Wednesday, January 21, 2009

Hedge funds, networks, and economic sociology

One of the seminal assumptions of economic sociology is that markets are best conceptualized not as a sum of atomized individuals chasing their own self-developed interests, but as a product of relationships and interactions between individuals within a social environment. This environment is characterized by cultural norms, social change, political power, and trust. In short, markets are a field of networks wherein some people know the right people, some people don't know the right people, some people are in the right place at the right time, some people aren't, etc. Individuals, as such, are not uniformly rational 'agents' but, rather, are shaped in infinite ways by their environment and the interactions that take place within it. Finally, while it's not yet a central part of economic sociology, I would add to this that all these relationships take place within a context of massive organizational structures (e.g., corporations).

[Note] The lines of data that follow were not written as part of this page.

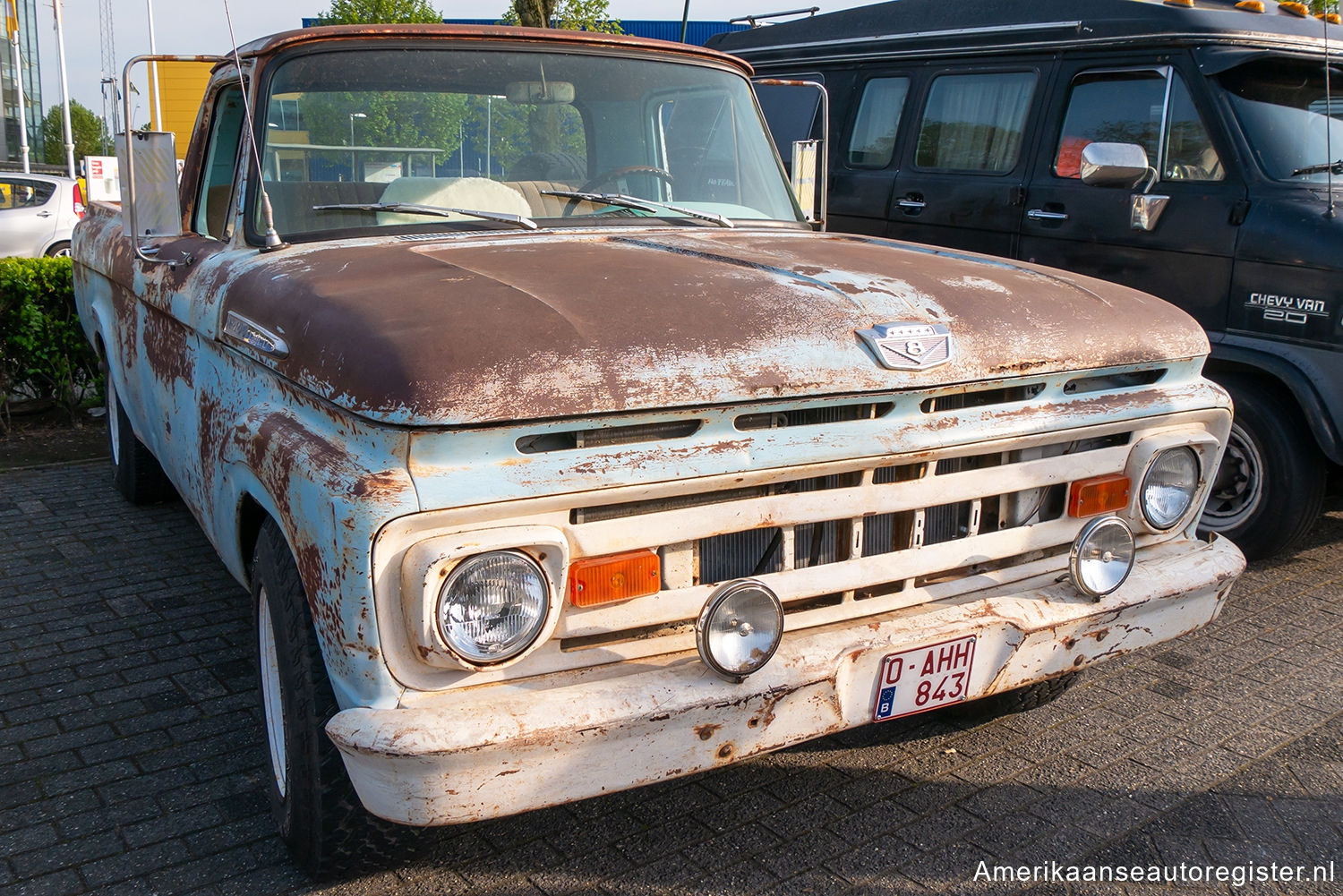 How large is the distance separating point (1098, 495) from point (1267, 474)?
2344 millimetres

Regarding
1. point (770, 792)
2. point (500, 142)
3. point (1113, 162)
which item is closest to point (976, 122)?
point (1113, 162)

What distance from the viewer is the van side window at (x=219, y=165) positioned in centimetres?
352

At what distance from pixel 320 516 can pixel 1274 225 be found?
409 centimetres

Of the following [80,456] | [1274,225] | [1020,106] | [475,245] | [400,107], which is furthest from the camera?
[80,456]

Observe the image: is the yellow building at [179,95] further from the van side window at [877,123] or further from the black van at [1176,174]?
the black van at [1176,174]

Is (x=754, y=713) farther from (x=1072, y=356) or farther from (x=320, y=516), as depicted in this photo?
(x=1072, y=356)

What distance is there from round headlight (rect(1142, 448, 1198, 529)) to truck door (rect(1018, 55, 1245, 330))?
214 cm

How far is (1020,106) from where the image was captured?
18.5ft

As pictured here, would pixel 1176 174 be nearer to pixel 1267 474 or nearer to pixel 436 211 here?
pixel 1267 474

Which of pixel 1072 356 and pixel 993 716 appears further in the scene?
pixel 993 716

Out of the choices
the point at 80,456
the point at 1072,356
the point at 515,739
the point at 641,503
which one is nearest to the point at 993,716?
the point at 1072,356

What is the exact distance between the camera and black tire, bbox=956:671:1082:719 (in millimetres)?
3393

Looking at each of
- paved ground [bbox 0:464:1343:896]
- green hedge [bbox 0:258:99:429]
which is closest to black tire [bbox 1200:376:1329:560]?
paved ground [bbox 0:464:1343:896]

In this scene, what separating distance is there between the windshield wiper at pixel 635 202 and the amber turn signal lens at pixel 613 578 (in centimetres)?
162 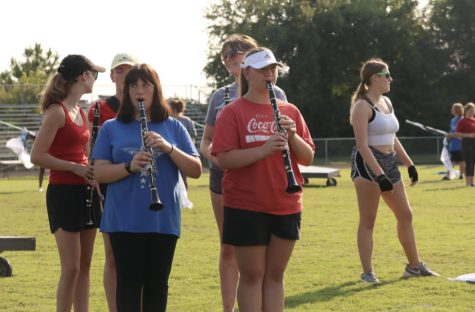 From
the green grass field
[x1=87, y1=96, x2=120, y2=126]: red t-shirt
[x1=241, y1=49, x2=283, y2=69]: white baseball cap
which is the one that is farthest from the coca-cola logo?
the green grass field

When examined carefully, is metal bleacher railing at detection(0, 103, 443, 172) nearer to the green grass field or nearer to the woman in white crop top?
the green grass field

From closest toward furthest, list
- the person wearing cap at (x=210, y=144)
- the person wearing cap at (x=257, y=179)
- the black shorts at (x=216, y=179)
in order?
the person wearing cap at (x=257, y=179) < the person wearing cap at (x=210, y=144) < the black shorts at (x=216, y=179)

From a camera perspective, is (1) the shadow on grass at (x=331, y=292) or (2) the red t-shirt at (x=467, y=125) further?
(2) the red t-shirt at (x=467, y=125)

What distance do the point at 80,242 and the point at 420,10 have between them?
66963mm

This article by Donald MacKenzie, a sociologist at the University of Edinburgh, provides a powerful example of markets as networks using the 'hedge fund' as a case illustration. Here's a particularly relevant excerpt. The main point comes in the second and third paragraphs. The first paragraph is a short description of the significance of hedge funds in the economic process:

[Hedge funds] control substantial amounts of capital. If a hedge fund manages less than $100 million it’s not seen as a big player; $1 billion or so is reasonably commonplace. The capital managed by the world’s ten thousand or so hedge funds totals around $2,000 billion. (Hedge funds don’t have to divulge the details of their finances and operations, so no-one knows the exact numbers.) About a fifth of this money is managed by funds based in London, and two fifths by those based in the US, mostly in New York and its upmarket suburbs, especially Greenwich, Connecticut.

. . . .

How do you get to run a hedge fund? Nearly all of those I’ve met who do this made their names as traders or managers in the big investment banks. Some simply want to make more money, but often the motivations are more complex. A couple of years ago, one professional investor in hedge funds told me that ‘a lot of the people who are setting up the best hedge funds are ... doing this for perhaps slightly egodriven and political reasons as much as anything else. They’re not doing it for the money: they’ve got their Bentley Continentals and their yachts ... so they’re going into it because they want to run something because they’re never, ever going to be the guy that sits right at the top [of an investment bank] because they can’t be bothered with the politics [i.e. organisational conflicts and jostling for promotion].’

Their previous careers in banks are often crucial to those trying to set up hedge funds. The accumulated bonuses they’ve received give them their initial stake, and they’ve built networks of contacts. Financial markets aren’t the atomistic, anonymous places portrayed in conventional economic models. Asked how he set up his fund, one manager told me: ‘you call your friends and, you know, just talk through your ideas’. If they are persuaded by the latter, those contacts may decide themselves to invest in the fund (if they have been successful, they too are likely to have substantial assets), and they also pass you on to other potential investors: ‘eventually you kind of pitch to people who allocate capital and if they like the idea they put money in; if they don’t then they send you on your way’. These investors will want to assess the personal characteristics of those pitching to them: asked how he actually knew what proportion of managers’ personal wealth was invested in their funds, one investor told me ‘it’s a look-in-the-eye part of it’. Professional allocators of capital will often phone people they trust who have worked with the aspirant founders of hedge funds. You’ll get phoned up, said a well-established hedge fund manager, and asked ‘“do you know so-and so?” And if you say, “oh actually he’s a smart guy”, that’s good; if you say “I’d rather not comment” ... That’s one of the ways it works, and because it’s people ... coming from those five or six big companies [the leading investment banks] the funds of funds have a fairly easy job of checking up’.